Malik mengambil waktu belajar kepada Bagoes Hadikoesoemo, mempelajari tafsir Baidhawi. Setelah diperkenalkan dengan Sarekat Islam, ia bergabung menjadi anggota dan mendapat kelas belajar kepada HOS Tjokroaminoto, Fakhruddin, dan Suryopranoto. Malik mengikuti kelas dengan tekun, sering bertanya dan menyalin pelajaran yang didapatnya. Dari keterlibatannya dengan perserikatan Islam, Malik melihat perhatian umat Islam di Jawa terhadap pendidikan, berbeda dengan di Minangkabau—karena telah seragam memeluk Islam—yang saat itu memperdebatkan penyimpangan praktik Islam.
Setelah melewatkan waktu enam bulan di Yogyakarta, Malik meneruskan perjalanan ke Pekalongan, memenuhi janjinya untuk bertemu kakak iparnya Ahmad Rasyid Sutan Mansur. Dari kakak iparnya, Malik mendapatkan kesempatan mengikuti berbagai pertemuan Muhammadiyah dan berlatih berpidato di depan umum. Menyusul ditundanya Kongres Kekhalifahan Internasional pada 1924, ayahnya yang urung berangkat ke Mesir menyempatkan berkunjung ke Pekalongan, meninggalkan pesan kepada Hamka agar kembali ke Padangpanjang untuk membantu membendung penyebaran paham komunis. “Kamu harus terus berada di sini bagi meneruskan tanggung jawab menjaga ummah,” pesan ayahnya.
Saat kembali ke Padangpanjang, propoganda Partai Komunis Indonesia telah memengaruhi murid-murid Thawalib. Malik menjalankan pesan ayahnya. Ia menuangkan pengetahuannya ke dalam majalah Tabligh Muhammadiyah yang dirintisnya. Gurunya Zainuddin dan pemilik percetakan Bagindo Sinaro ikut membantu pembuatan dan distribusi majalah.

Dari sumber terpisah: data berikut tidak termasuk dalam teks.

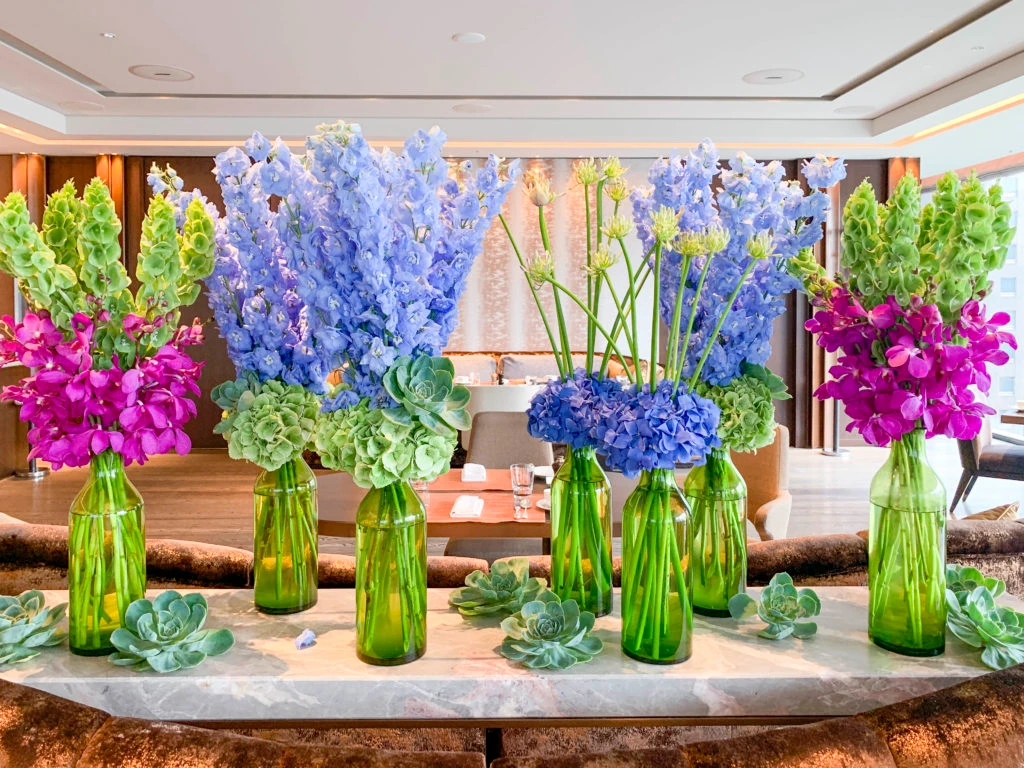 Colorful flowers and succulents in green vases at Motif restaurant inside Four Seasons Tokyo
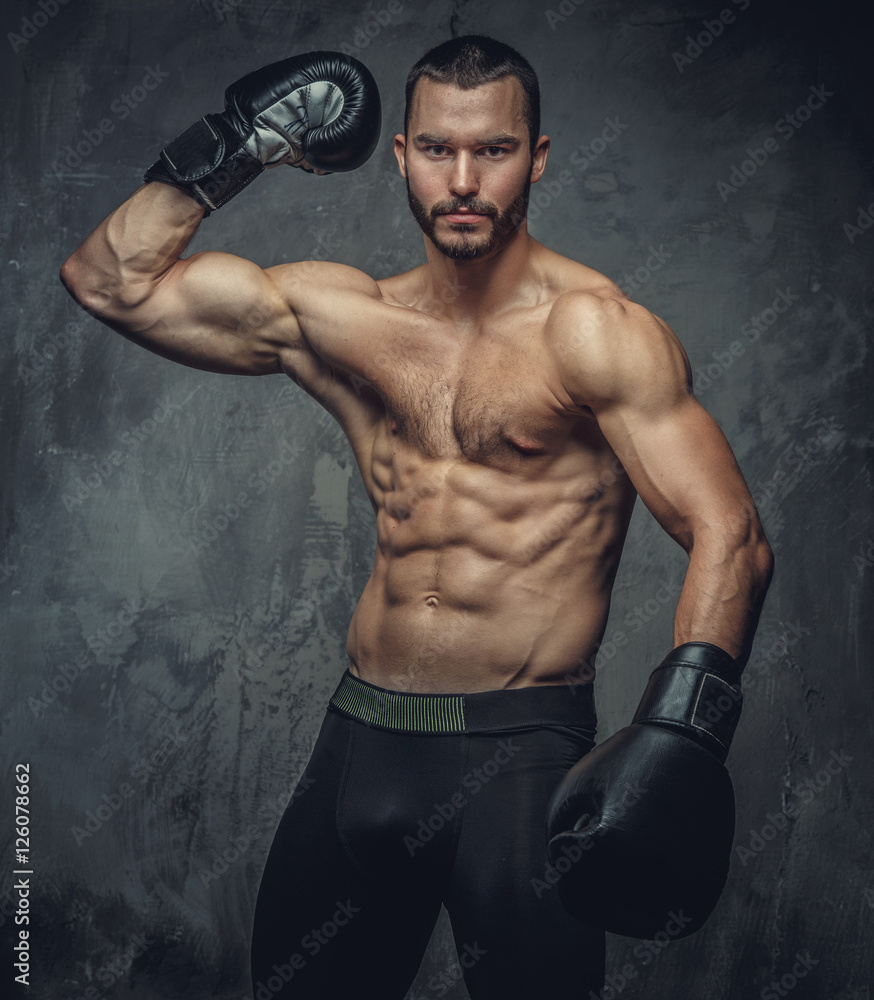 Brutal boxer fighter on grey background.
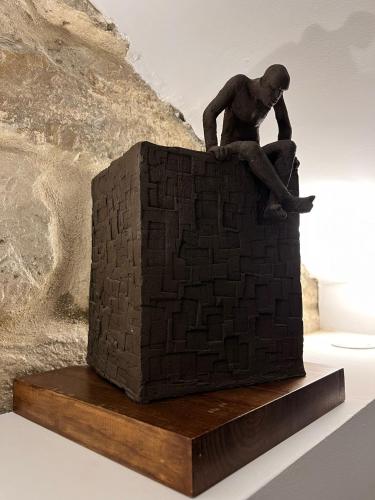 a statue of a man sitting on a brick wall at Hostal Casa de Luna y Sol in Úbeda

Pada saat yang sama, Malik harus membagi waktu untuk berpidato, bolak-balik dari Maninjau ke Padangpanjang. Malik mengambil kesempatan untuk tampil berpidato setiap ayahnya usai memberikan tausyiah. Malik rutin berpidato di Padangpanjang. Ia masih menyempatkan waktunya untuk memberikan pelajaran berpidato.
Beberapa orang yang belajar kepada Malik, membuat materi pidato sendiri yang akan dikumpulkan Malik untuk diterbitkan dalam sisipan kumpulan pidato majalah Tabligh Muhammadiyah. Malik melengkapi dan menyunting bagian pidato yang diterimanya sebelum diterbitkan, tetapi tetap mencantumkan nama mereka sendiri. Dari kesibukannya menulis dan menyunting naskah pidato, Malik mulai mengetahui dan menuangkan kemampuannya dalam menulis.

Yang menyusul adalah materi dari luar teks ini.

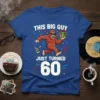 THIS BIG GUY JUST TURNED 60 birthday t-shirt featuring a cartoon Bigfoot holding a gift and wearing sunglasses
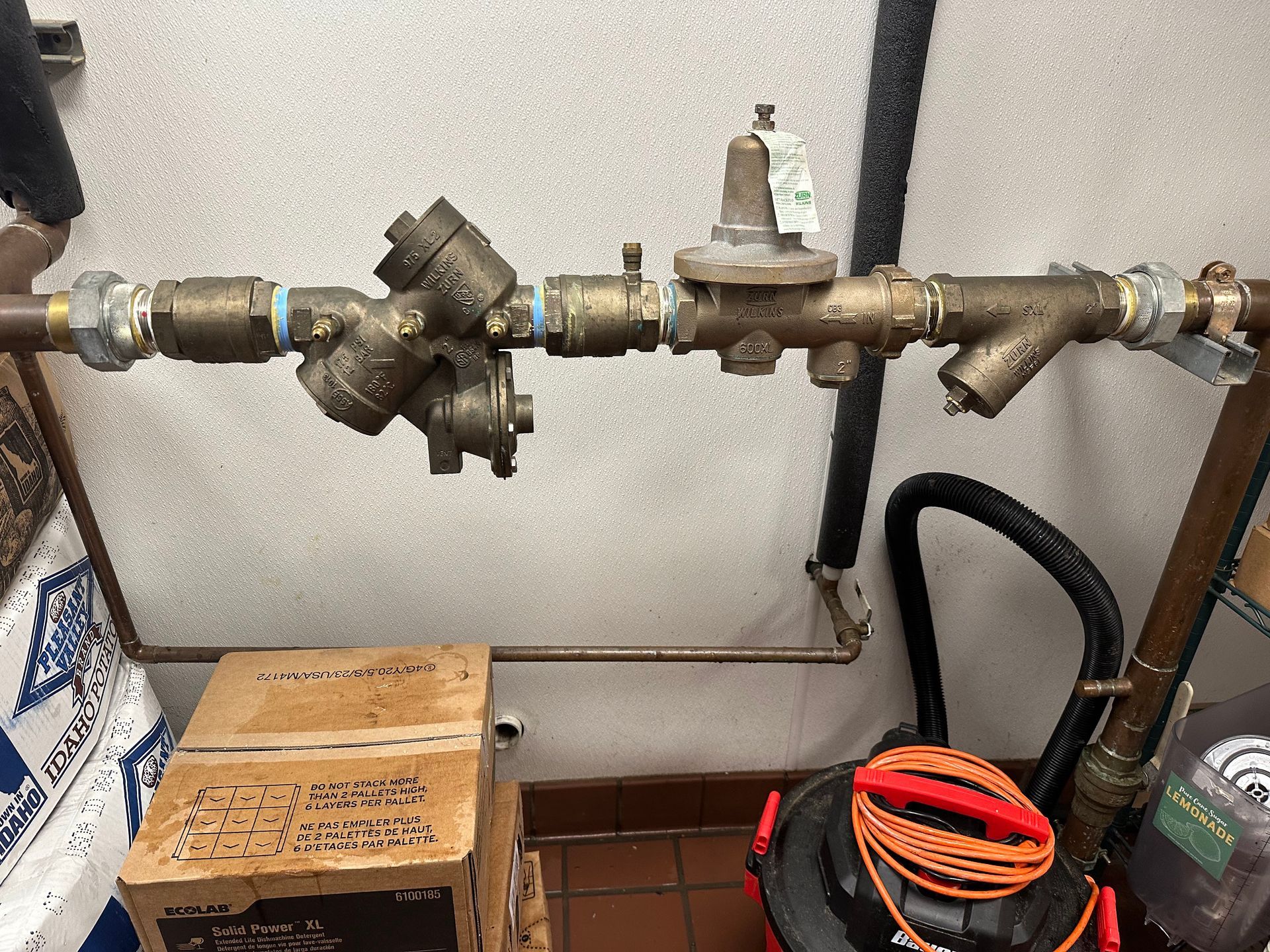 Water pipes with a pressure regulator and backflow preventer in a utility room.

Meskipun mendapatkan sambutan baik saat kepulangannya, penerimaan masyarakat terhadap Malik adalah sebatas mubalig yang hanya berpidato. Dalam membacakan ayat atau kalimat bahasa Arab, Malik tidak fasih karena tidak memahami tata letak bahasa, ilmu nahu dan sharaf.
Hal tersebut dikaitkan karena Malik tidak pernah menyelesaikan pendidikannya di Thawalib. Ia pernah dikatakan sebagai “tukang pidato yang tidak berijazah”. Ayahnya mengakui bahwa Malik masih belum cukup ilmu walaupun pandai berceramah dan berdebat dalam hal agama. “Pidato-pidato saja adalah percuma, isi dahulu dengan pengetahuan, barulah ada arti dan manfaatnya pidato-pidatomu itu.” Malik berasa kecil hati dengan sindiran ayahnya, merenung nasib dirinya yang tak pernah tamat belajar meski telah berpindah-pindah sekolah. Saat Muhammadiyah membuka sekolah di Padangpanjang, dibuka penerimaan guru.
Malik bersama banyak teman-temannya yang pulang dari Jawa ikut melamar. Para pelamar diharuskan mengisi formulir yang menerangkan nama, alamat, dan pendidikan disertai lampiran bukti kelulusan seperti diploma atau ijazah. Pada hari pengumuman pelamar yang lolos sebagai guru, Malik tidak lolos karena tidak memiliki diploma. Hal ini menambah kekecewaan Malik sejak kepulangannya, berpikir untuk kembali pergi meninggalkan kampung halamannya. []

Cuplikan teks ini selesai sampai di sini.